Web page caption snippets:
##########

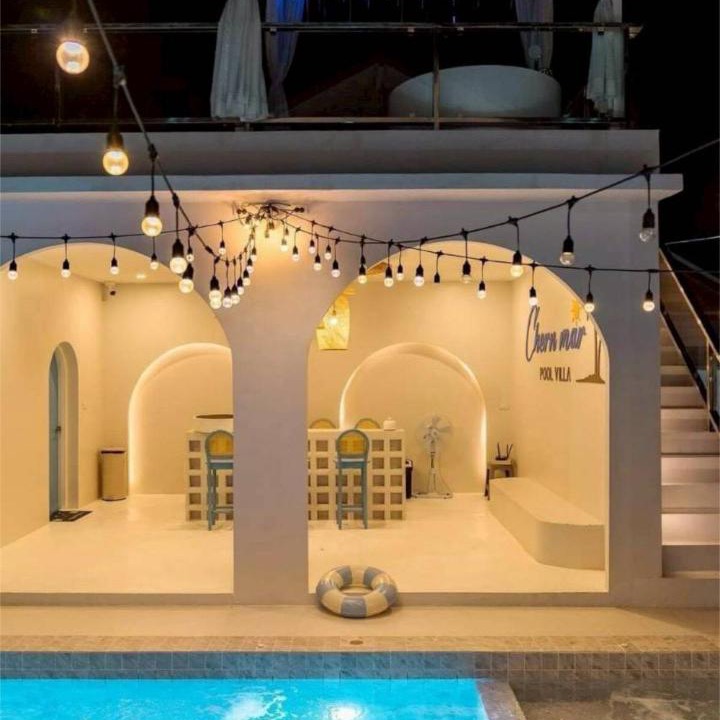 Cha-am Villa | Chern Mar Pool Villa Cha-am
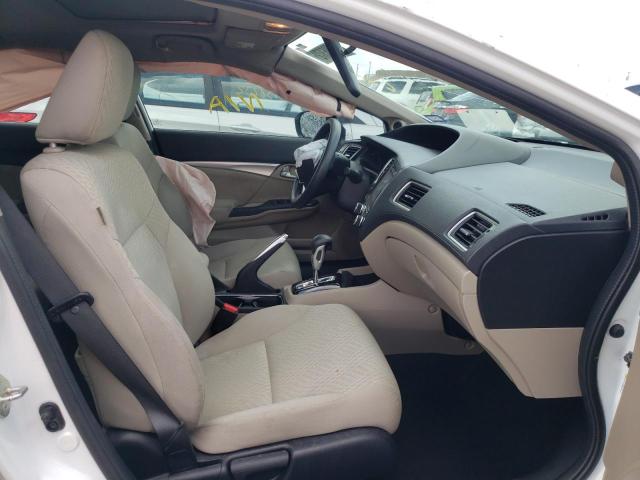 صورة رقم 5 من المزاد - 2014 HONDA CIVIC EX مع VIN 19XFB2F80EE253928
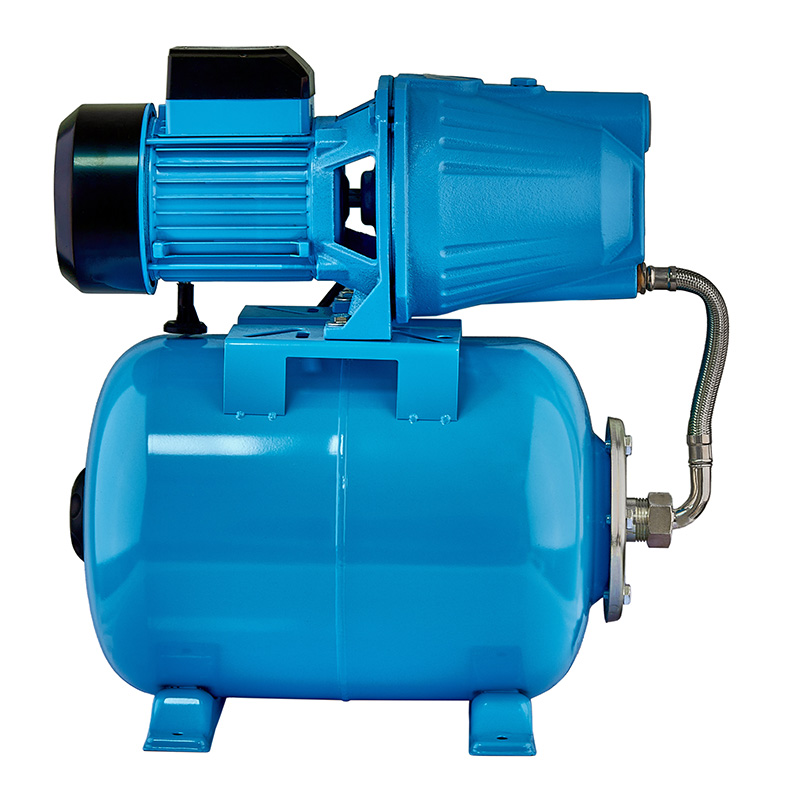 Насосная станция Vodomet Auto JET100L (корпус – чугун) (VO4178)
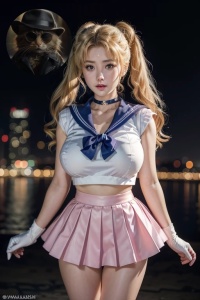 Sailor Moon [generadas por IA]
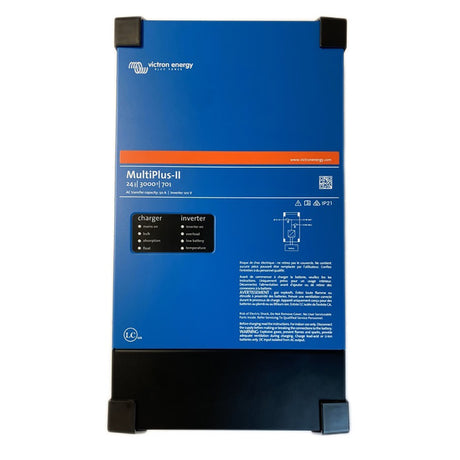 Victron MultiPlusII 243000  7050  120V  UL Approved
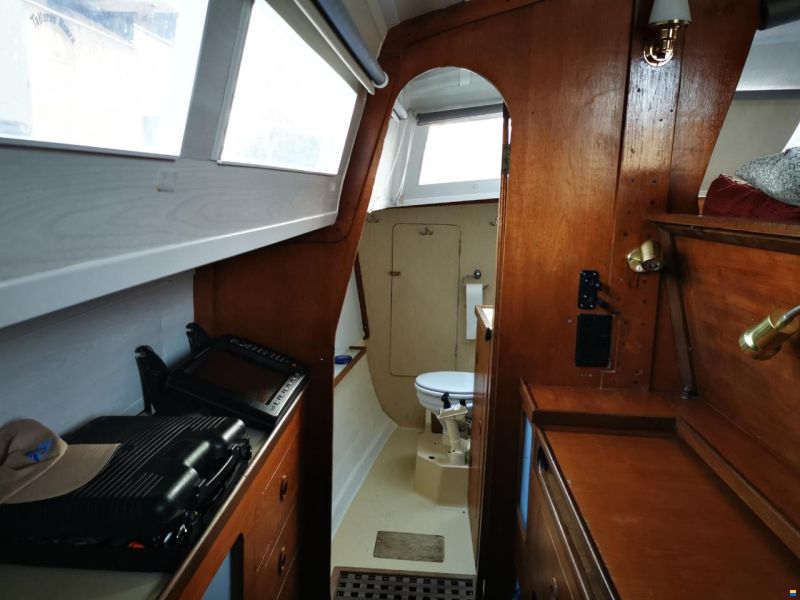 Prout Snowgoose 37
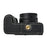 For Nikon Z 50 II Camera Case PU Leather Protective Cover - Black - 5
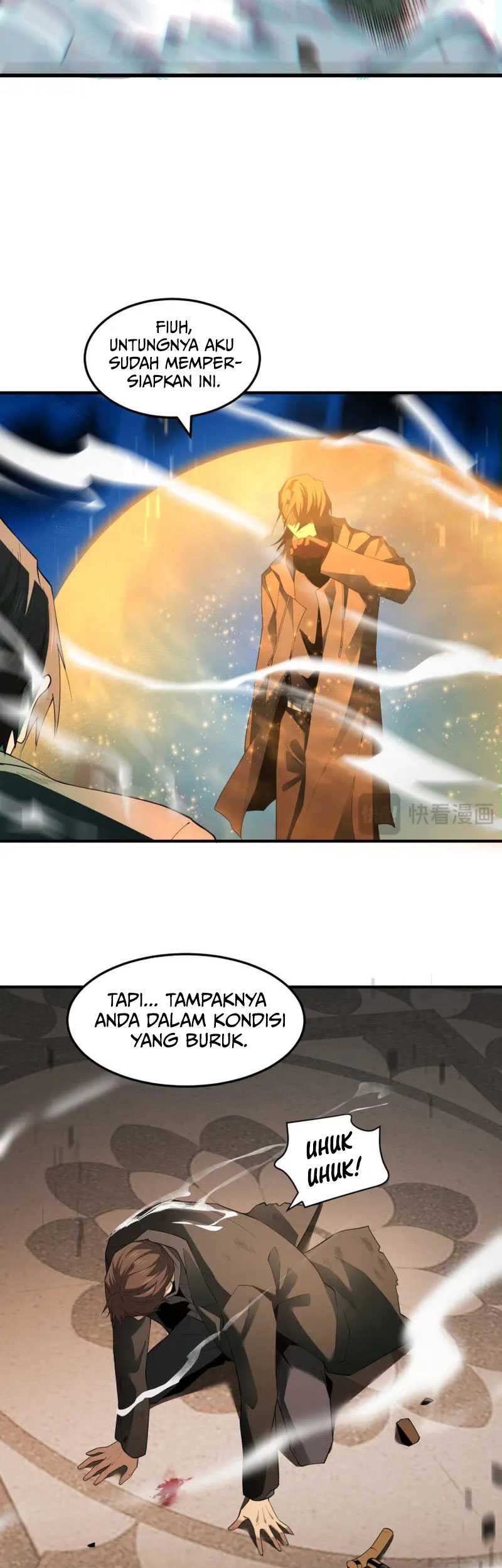 The Wretched chapter 05 halaman 31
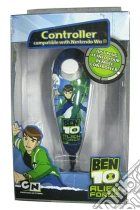 WII Wired Nunchuck Ben 10 Alien Force game acc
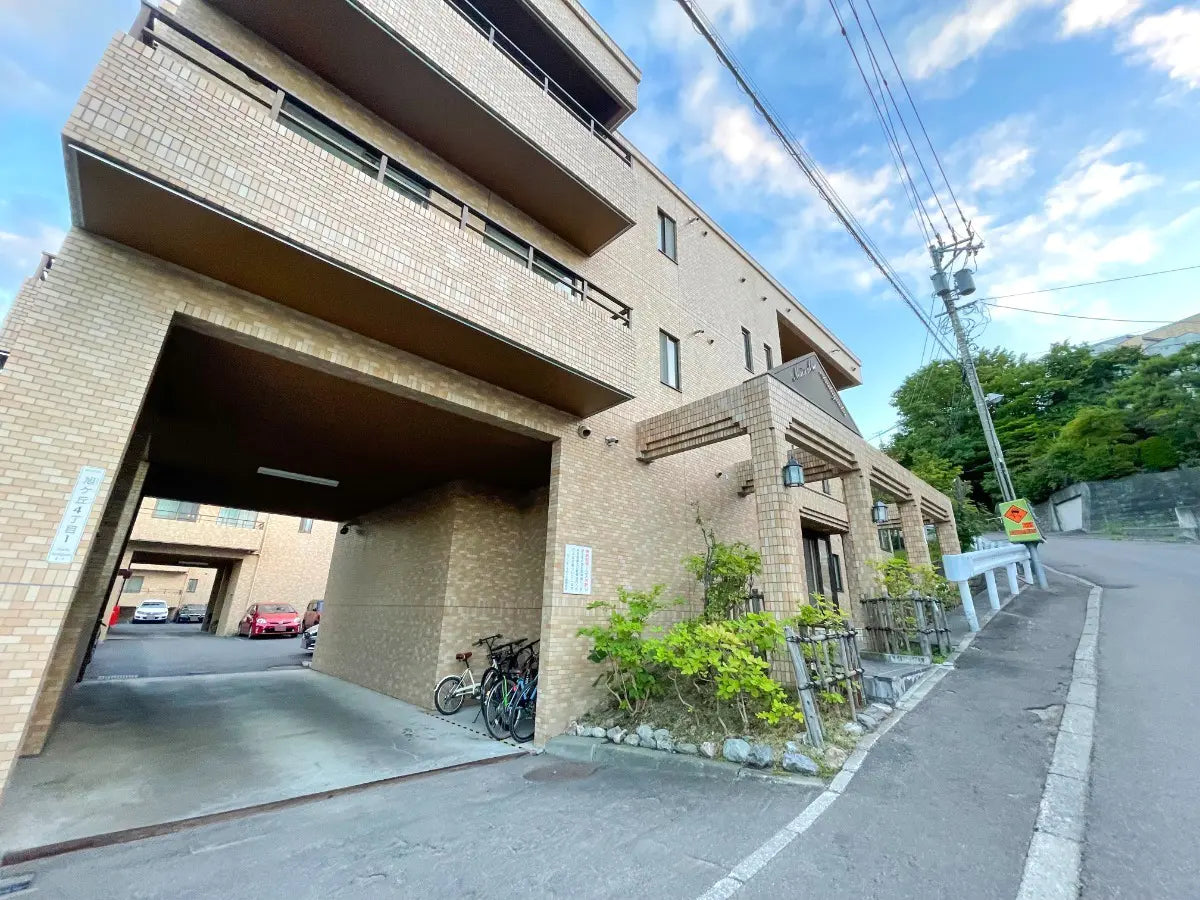 3Beds Apartment in Asahigaoka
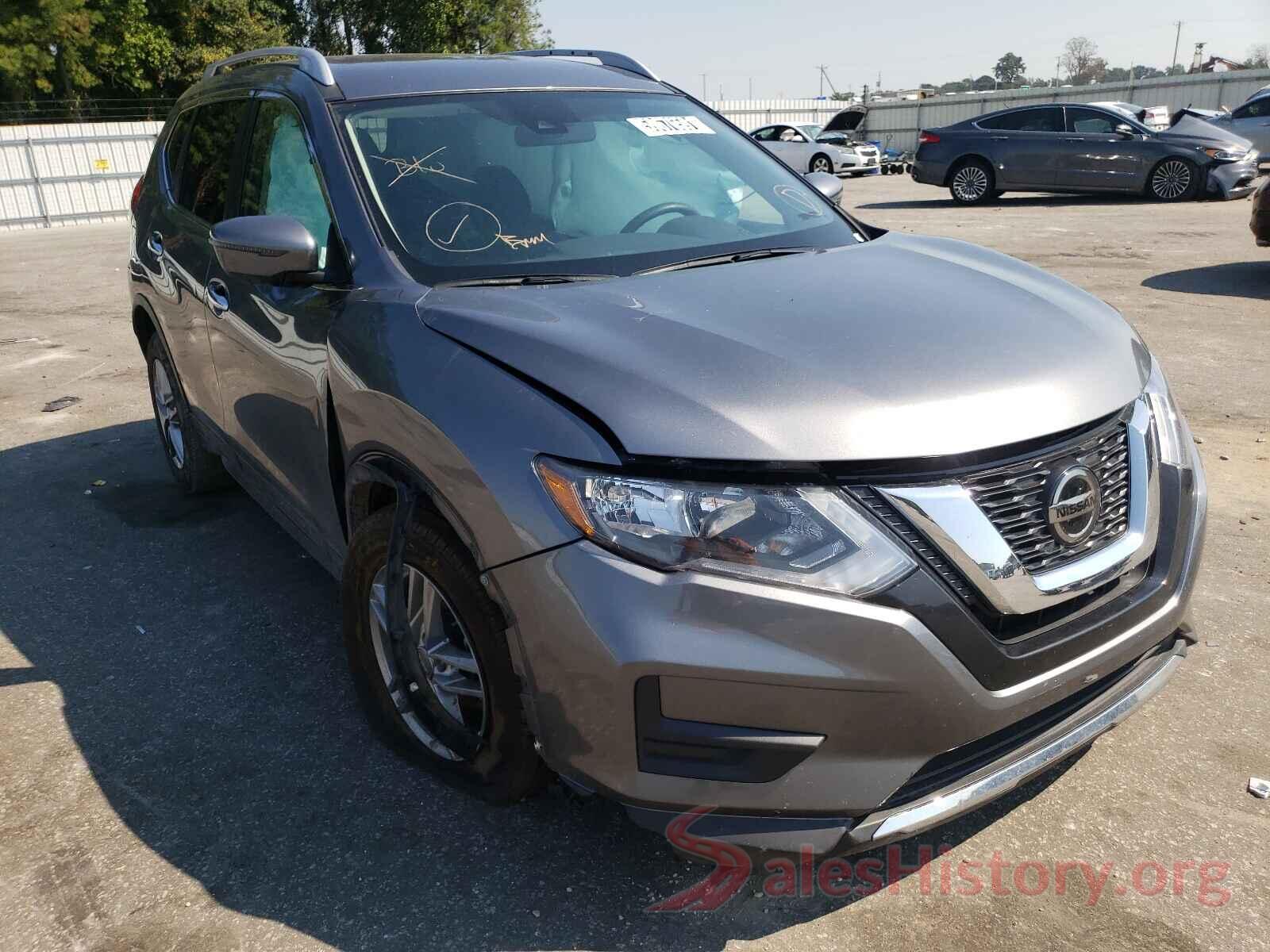 KNMAT2MV5LP526682 2020 NISSAN ROGUE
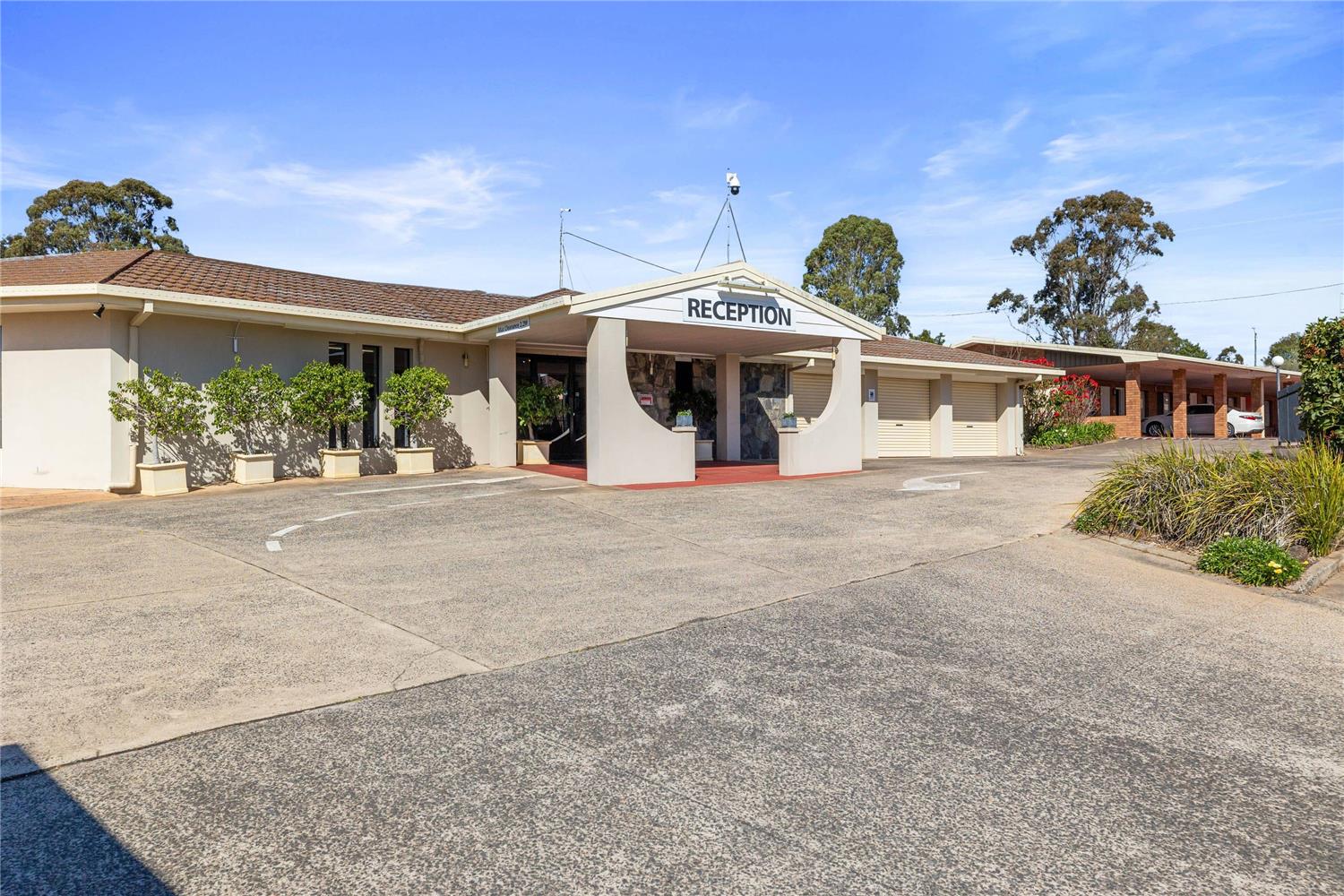 Comfort Inn Glenfield 30/31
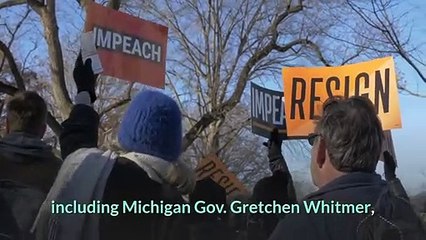 Michigan's Wayne County certifies election results in reversal of earlier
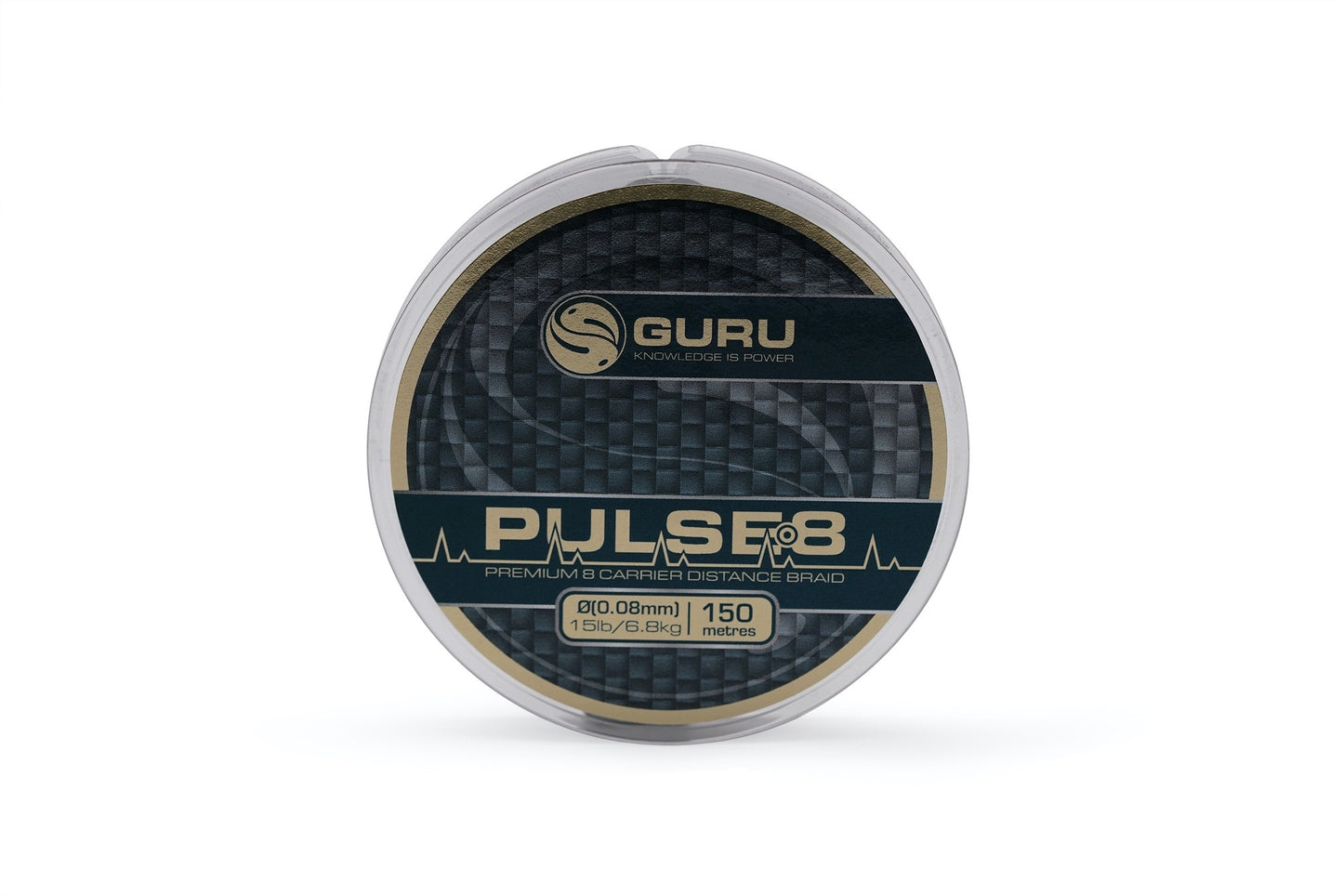 Tackle Guru - Pulse 8 Braid (0.8mm) 150m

##########

TRY IT: Apart from the pictures, repeat the data above exactly.

YOUR SOLUTION:
 Cha-am Villa | Chern Mar Pool Villa Cha-am
 صورة رقم 5 من المزاد - 2014 HONDA CIVIC EX مع VIN 19XFB2F80EE253928
 Насосная станция Vodomet Auto JET100L (корпус – чугун) (VO4178)
 Sailor Moon [generadas por IA]
 Victron MultiPlusII 243000  7050  120V  UL Approved
 Prout Snowgoose 37
 For Nikon Z 50 II Camera Case PU Leather Protective Cover - Black - 5
 The Wretched chapter 05 halaman 31
 WII Wired Nunchuck Ben 10 Alien Force game acc
 3Beds Apartment in Asahigaoka
 KNMAT2MV5LP526682 2020 NISSAN ROGUE
 Comfort Inn Glenfield 30/31
 Michigan's Wayne County certifies election results in reversal of earlier
 Tackle Guru - Pulse 8 Braid (0.8mm) 150m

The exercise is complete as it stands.